The indication information (the first indication information, the second indication information, and the third indication information hereinafter) involved in the embodiments of the present application may be represented in an implicit manner, that is, one of the indication information is indicated by default. For example, the identification of the multicast group is included in a message without explicit indication.

The indication information involved in this embodiment of the present application may also be expressed in an explicit manner. For example, the indication information occupies a single cell and is paired with the identifier of the multicast group, indicating that the terminal device is added to the paired multicast group ( first indication information), or whether the terminal device has exited the paired multicast group (second indication information), or is the terminal device exited from the paired multicast group (third indication information). For another example, certain indication information may be represented by a specific message (eg, an IGMP join request message, or an IGMP leave request message), and the message includes the identifier of the multicast group.

S803. The SMF network element obtains the identifier of the first multicast group and the identifier of the associated multicast group of the first multicast group from the UDR.

Specifically, the UDR may obtain the identifier of the first multicast group and the identifier of the associated multicast group of the first multicast group from the AF. The associated multicast group of the first multicast group and the first multicast group belong to the same multicast service, for example, different viewing angles of the same live broadcast; Multicast groups belong to associated multicast services, such as live football and basketball. And the number of associated multicast groups is not limited, which can be one or more. Exemplarily, the identifier of the first multicast group or the identifier of the associated multicast group may be the second IP multicast address.

S804: The SMF network element sends the first activation information (which may include the second activation information) to the first UPF network element.

Correspondingly, the first UPF network element receives the first activation information from the SMF network element.

The first activation information may be used to indicate whether data streams corresponding to both the first multicast group and the associated multicast group have been sent on the RAN network element.

The first activation information may include second activation information, and the second activation information may be used to indicate whether the data stream corresponding to the first multicast group has been sent on the RAN network element. Correspondingly, the step S804 may include the SMF network element sending the second activation information to the first UPF network element. Further, the first UPF network element receives the second activation information from the SMF network element.
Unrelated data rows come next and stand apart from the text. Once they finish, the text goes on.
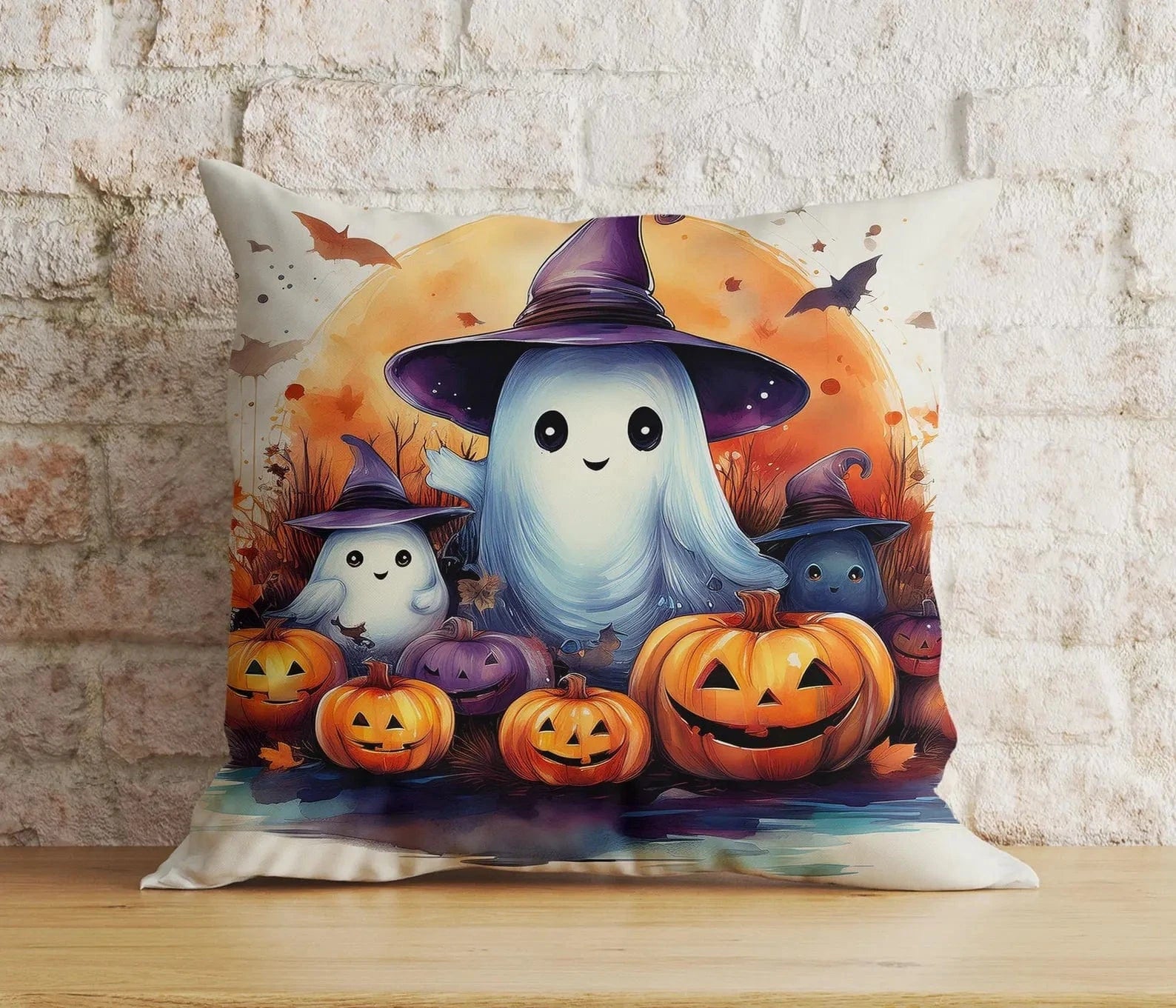 Onay Cushion Covers 7 / 12 x 12 inch (30 x 30 cm) Spooky Halloween Pumpkin Pillow Whimsical Ghost Print Cushion Covers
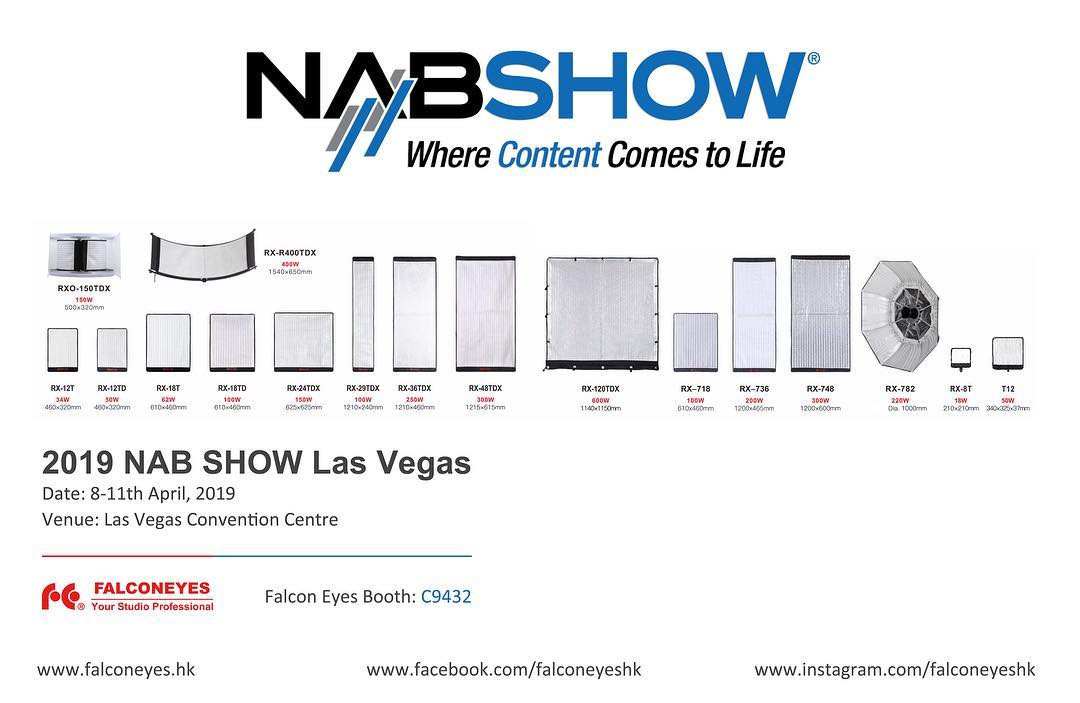 The ultimate event for the media, entertainment and technology industry, showcasing ground-breaking innovation and powerful solutions for professionals looking to create, manage, deliver and monetize content on any platform. Join us at 2019 NAB Show, FalconEyes will be presenting the most popular ROLL-FLEX lights as well as other latest LED products there, experience the new RGBW technology in person!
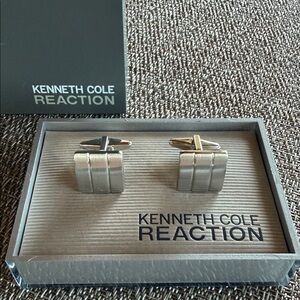Kenneth Cole Reaction Brushed Silver Tone Cufflinks Simple & Elegant
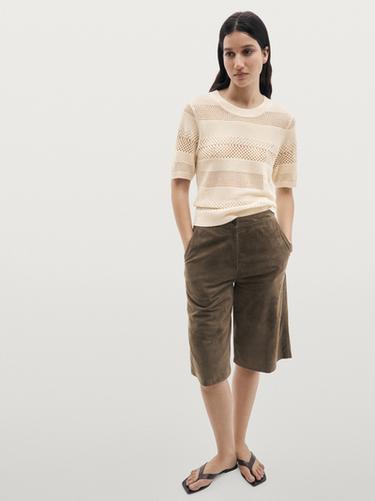 Zara Short sleeve cutwork top - Ecru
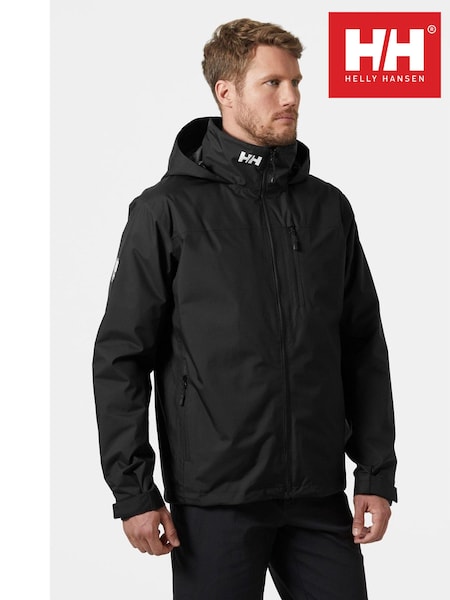 Helly Hansen Waterproof Crew Hooded Midlayer Sailing Black Jacket 2.0 (AD0348) | £160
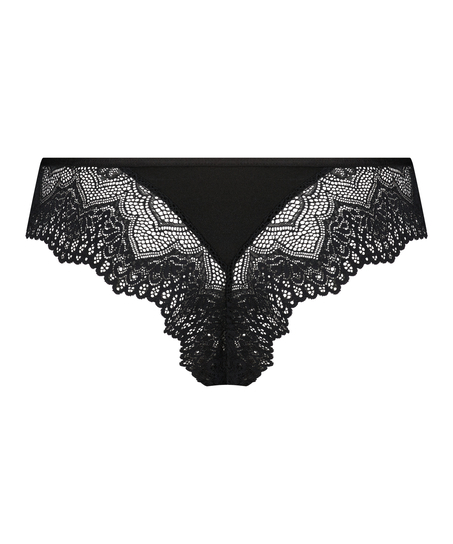 Phillis High-Cut Brazilian Knickers, Black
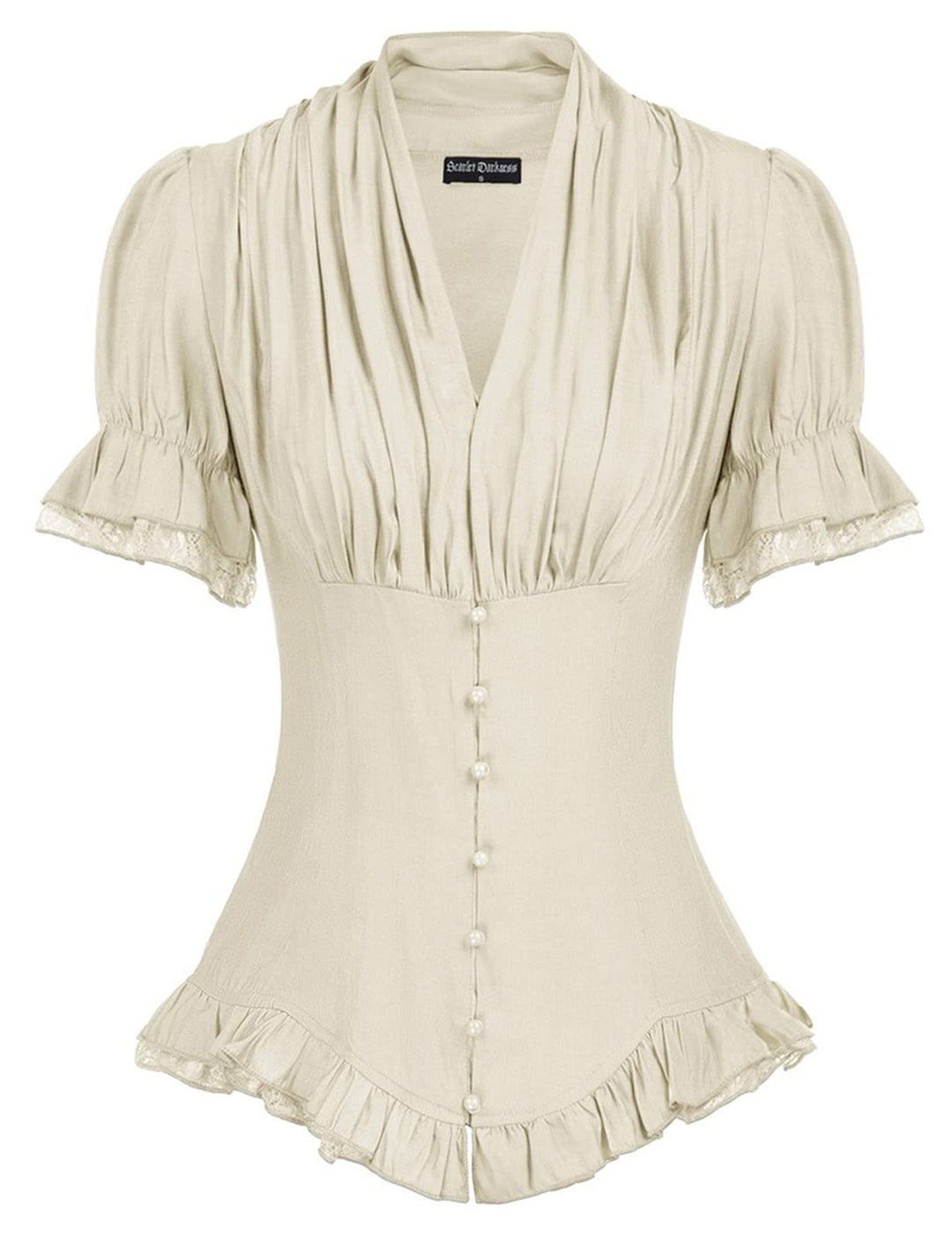 SCARLET DARKNESS Damen Rüschenbluse Mittelalter Spitzen Shirt Gothic Bluse für Party Oberteil Apriko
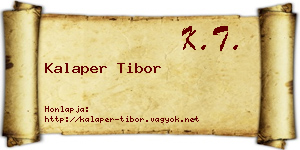 Kalaper Tibor névjegykártya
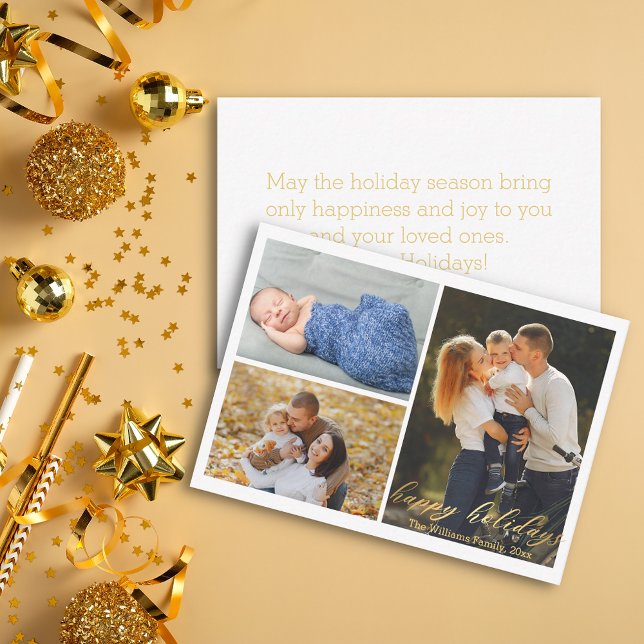 happy holidays gold script  3 photos collage  card (Creator Uploaded)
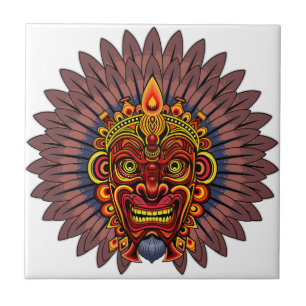 Tribal Warrior Kung Ritual Mask Kakelplatta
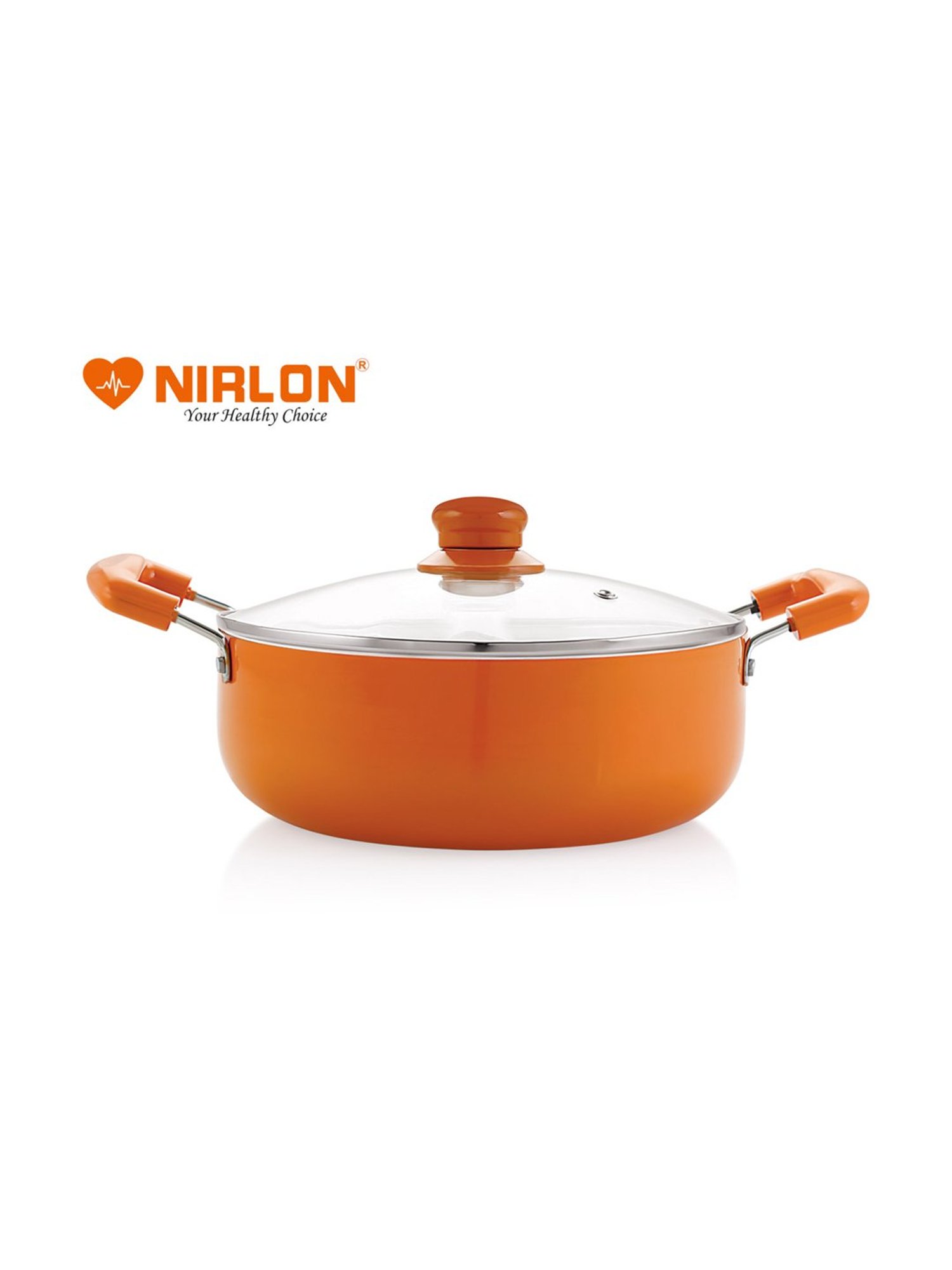 Nirlon Orange Non Stick Induction Casserole with Glass Lid - 2.6 L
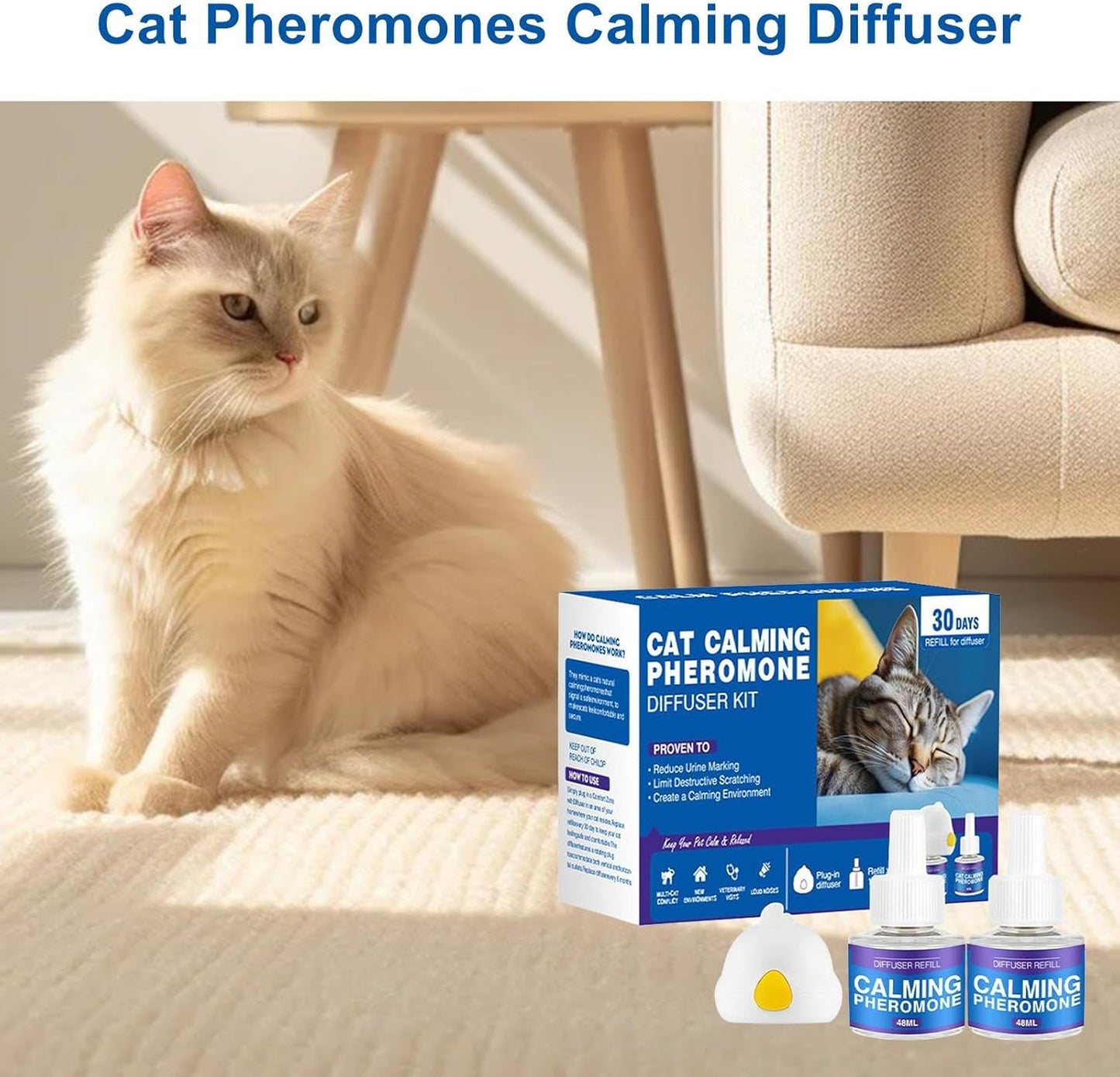 Calming Cat Pheromone Diffuser - Feline Pheromone Diffuser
Exemplarily, the activation information in this embodiment of the present application may be represented by bits, and each multicast group may correspond to one bit. For example, when the bit value is 1, it indicates the data corresponding to the multicast group. The stream has been sent on the RAN network element. When the bit value is 0, it indicates that the data stream corresponding to the multicast group has not been sent on the RAN network element. Alternatively, the SMF network element may send the identifier of the multicast group that is activated (that is, the corresponding data flow has been sent on the RAN network element) to the first UPF network element as the first activation information.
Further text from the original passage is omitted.